To imaginaryfriend, I suppose my answer is the obvious one - that, more often than not, faith schools have some perceived desirable quality which sets then apart from the rest of the "bog-standard" schools in the community. Good results, an approved "ethos", a nice uniform... Parents have all sorts of reasons for sending their children to faith schools, some no doubt deeply-felt and some more superficial.
But I wonder how much of the 'special' character of these schools comes specifically from their teaching of faith. If they lost the faith dimension, would they not still be good schools? If your answer to that is no, then I'd be interested to know what, specifically, the faith dimension gives which makes a school "better", and which could NOT be achieved in a secular framework.
No, I don't think private schools should beocme part of the public domain. That's a totally separate argument which we're not having here.

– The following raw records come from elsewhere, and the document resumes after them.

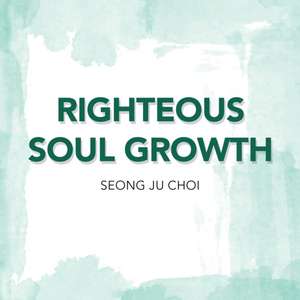 Righteous Soul Growth de Seung Ju Choi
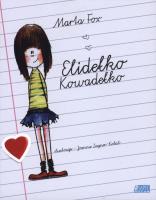 Elidełko Kowadełko. Autor: Marta Fox. SmakLiter.pl Okładka książki Elidełko Kowadełko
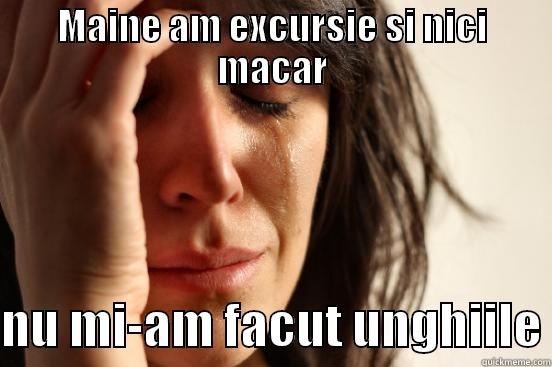 MAINE AM EXCURSIE SI NICI MACAR  NU MI-AM FACUT UNGHIILE First World Problems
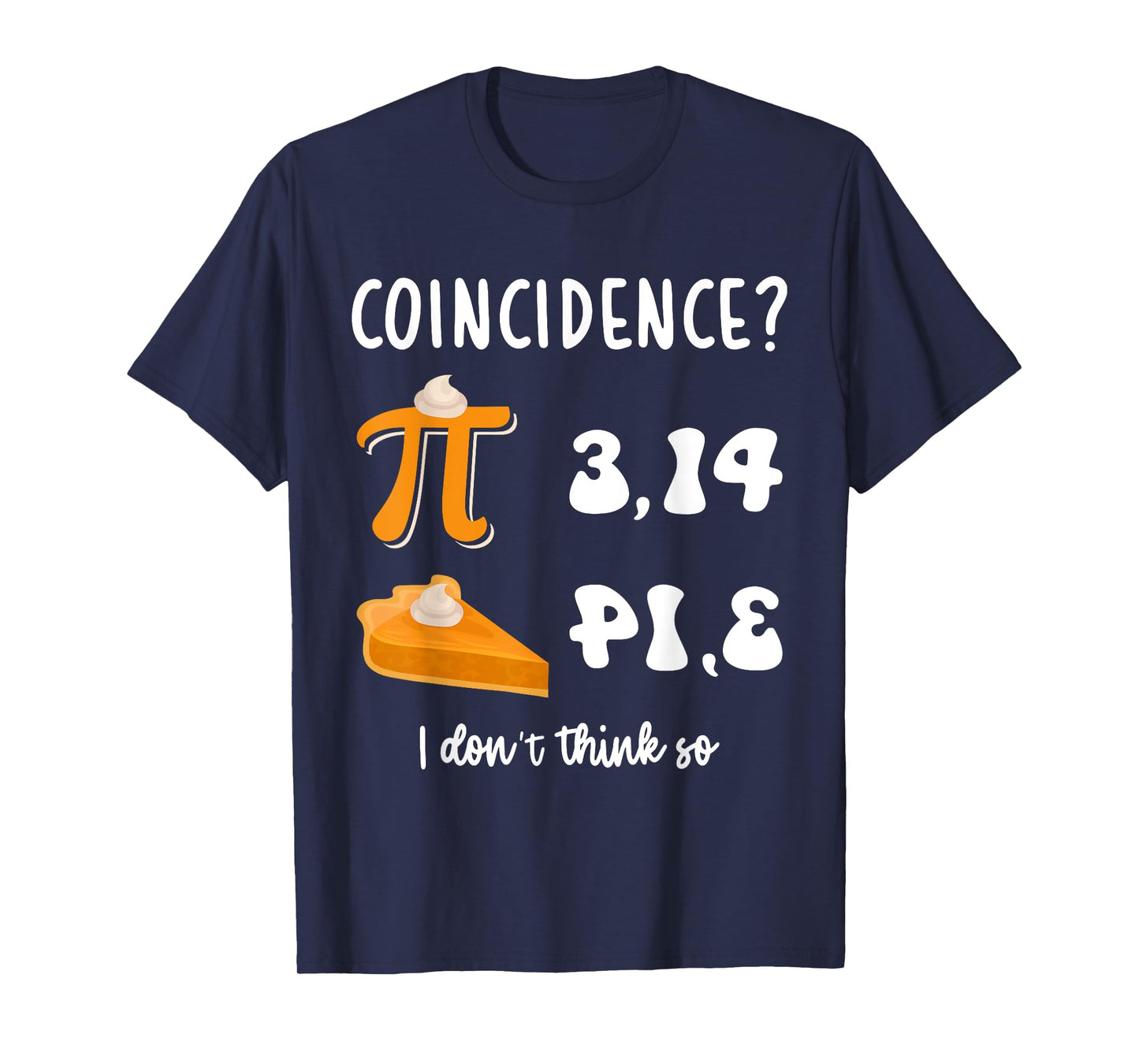 Math Teacher Pi Day 3,14 Pie Coincidence Funny Pie Pi Day T-Shirt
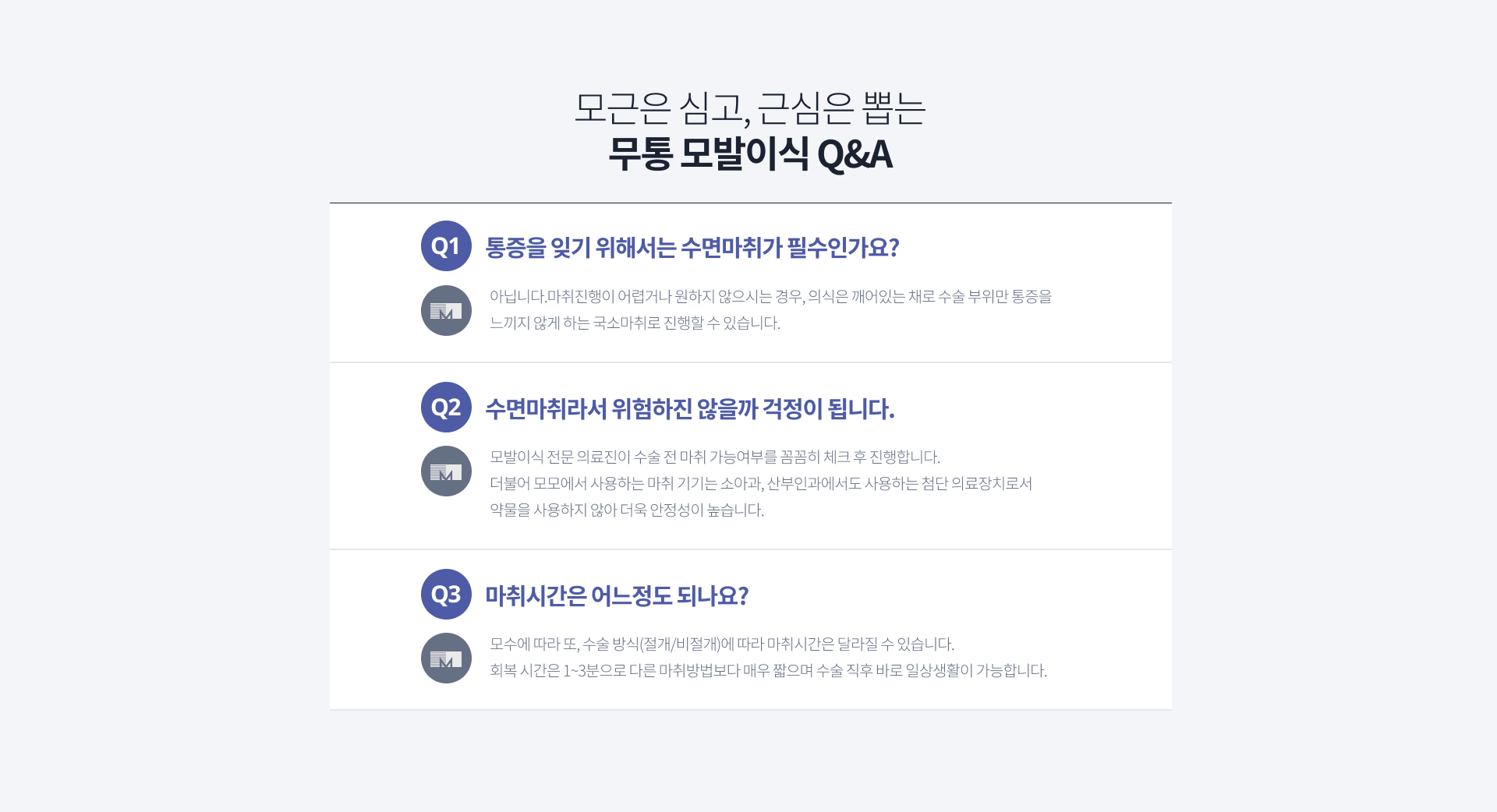 [모근은 심고, 근심은 뽑는 무통 모발이식 Q&A] Q1. 통증을 잊기 위해서는 수면마취가 필수인가요? A1. 아닙니다. 마취진행이 어렵거나 원하지 않으시는 경우, 의식은 깨어있는 채로 수술 부위만 통증을 느끼지 않게 하는 국소마취로 진행할 수 있습니다. Q2. 수면마취라서 위험하진 않을까 걱정이 됩니다. A2. 모발이식 전문 의료진이 수술 전 마취 가능여부를 꼼꼼히 체크 후 진행합니다. 더불어 모모에서 사용하는 마취 기기는 소아과, 산부인과에서도 사용하는 첨단 의료장치로서 약물을 사용하지 않아 더욱 안정성이 높습니다. Q3. 마취시간은 어느정도 되나요? A3. 모수에 따라 또, 수술 방식(절개/비절개)에 따라 마취시간은 달라질 수 있습니다. 회복 시간은 1~3분으로 다른 마취방법보다 매우 짧으며 수술 직후 바로 일상생활이 가능합니다.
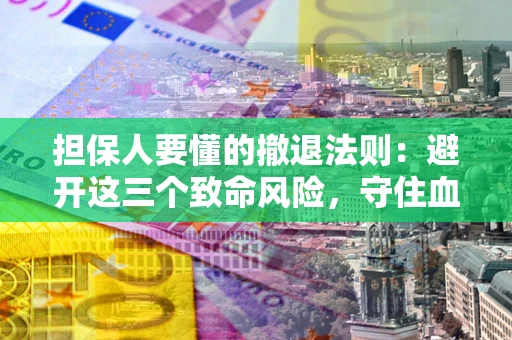 北京担保人要懂的撤退法则：避开这三个致命风险，守住血汗钱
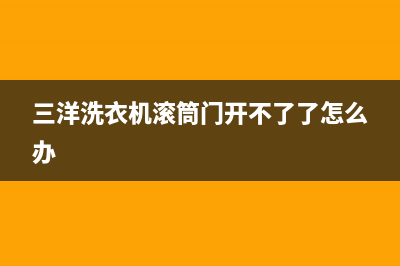 三洋洗衣机滚筒撞桶维修(三洋洗衣机过零信号维修)(三洋洗衣机滚筒门开不了了怎么办)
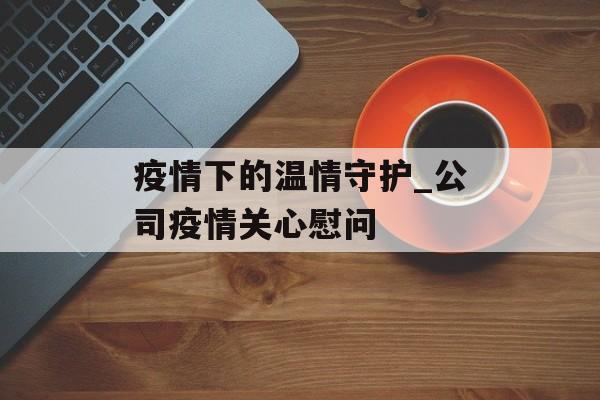 疫情下的温情守护_公司疫情关心慰问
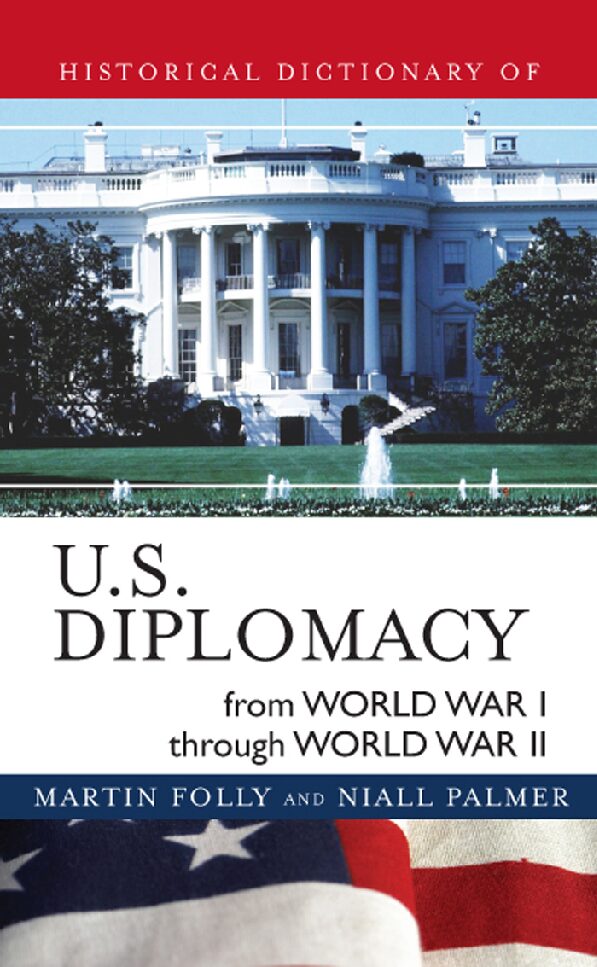 eBook [PDF] Historical Dictionary of U.S. Diplomacy from World War I through World War II By Martin Folly
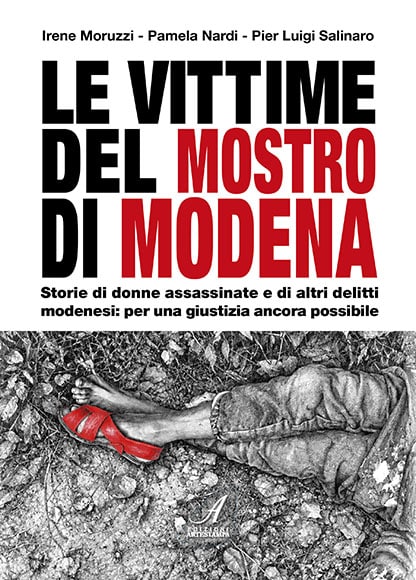 LE VITTIME DEL MOSTRO DI MODENA – Storie di donne assassinate e di altri delitti modenesi: per una giustizia ancora possibile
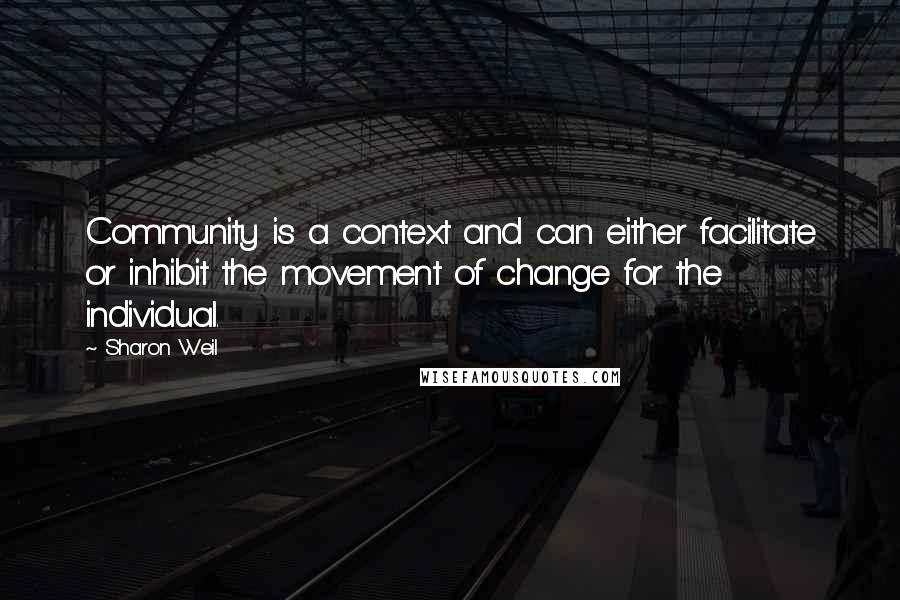 Sharon Weil quotes: Community is a context and can either facilitate or inhibit the movement of change for the individual.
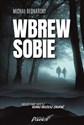 Wbrew sobie - Michał Bednarski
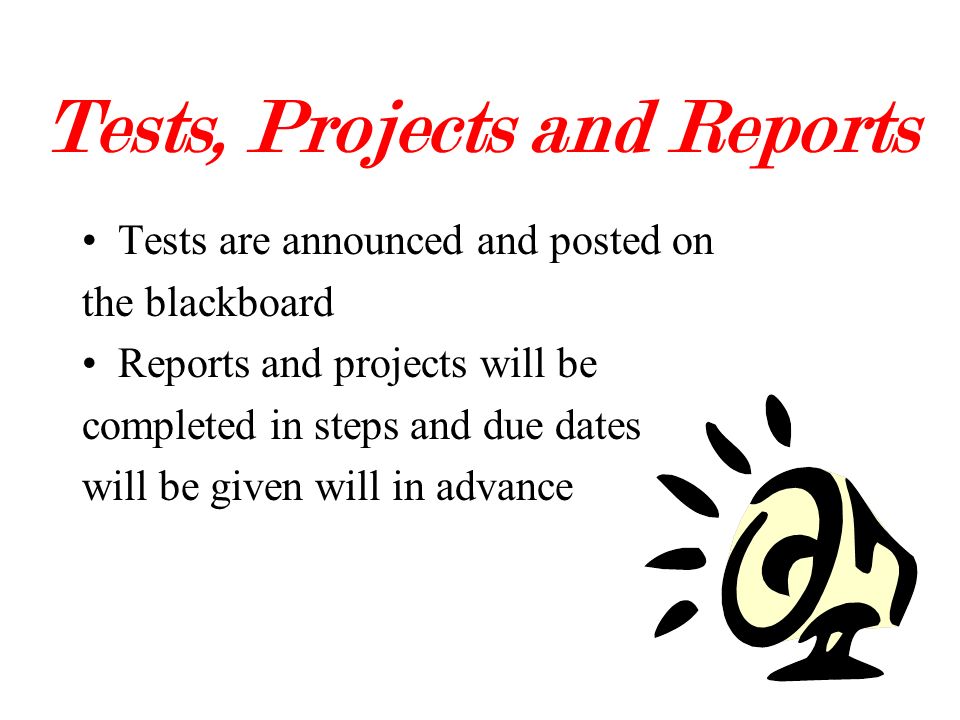 Tests, Projects and Reports Tests are announced and posted on the blackboard Reports and projects will be completed in steps and due dates will be given will in advance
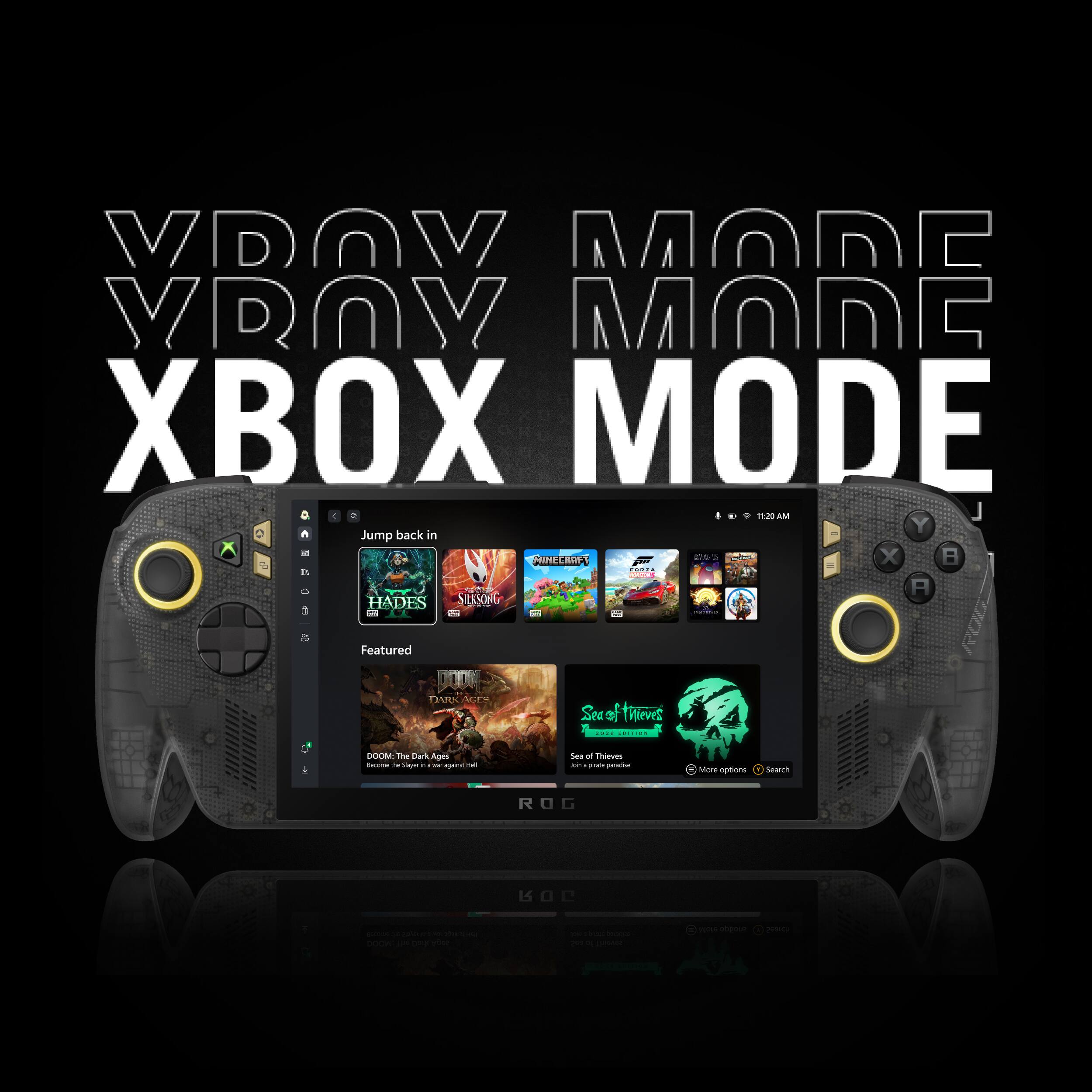 VDOV MODE XBOX MODE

To paulapb I'd say yes, but just because that's the case we shouldn't necessarily encourage it or seek to further it. It surely has to be fair that a STATE school in your community is open to ALL pupils - if you want to educate your children within your choice of faith school, that is your prerogative, and one which I believe you should have to pay for through the independent system. If you wanted to educate your child in Scientology, you'd probably have to - why should teaching of Christianity be funded through taxes, and not Scientology? What if someone wanted to set up a Viking school, teaching that all Norse myths were to be believed and followed?
I was amused by DC's lesbian sex comparison. I have no idea if it's true. To take a less controversial one, I think one statistic which is pretty sound is that the same number of people go to church on a Sunday as go to watch football matches on a Saturday - it's about 1-2 million. What would people think of a "Manchester United" state school which required pupils to be taught that it was unquestionably the best team and everyone else was wrong? Or a "Sheffield Wednesday" school? Seems daft? No more daft than god-schools.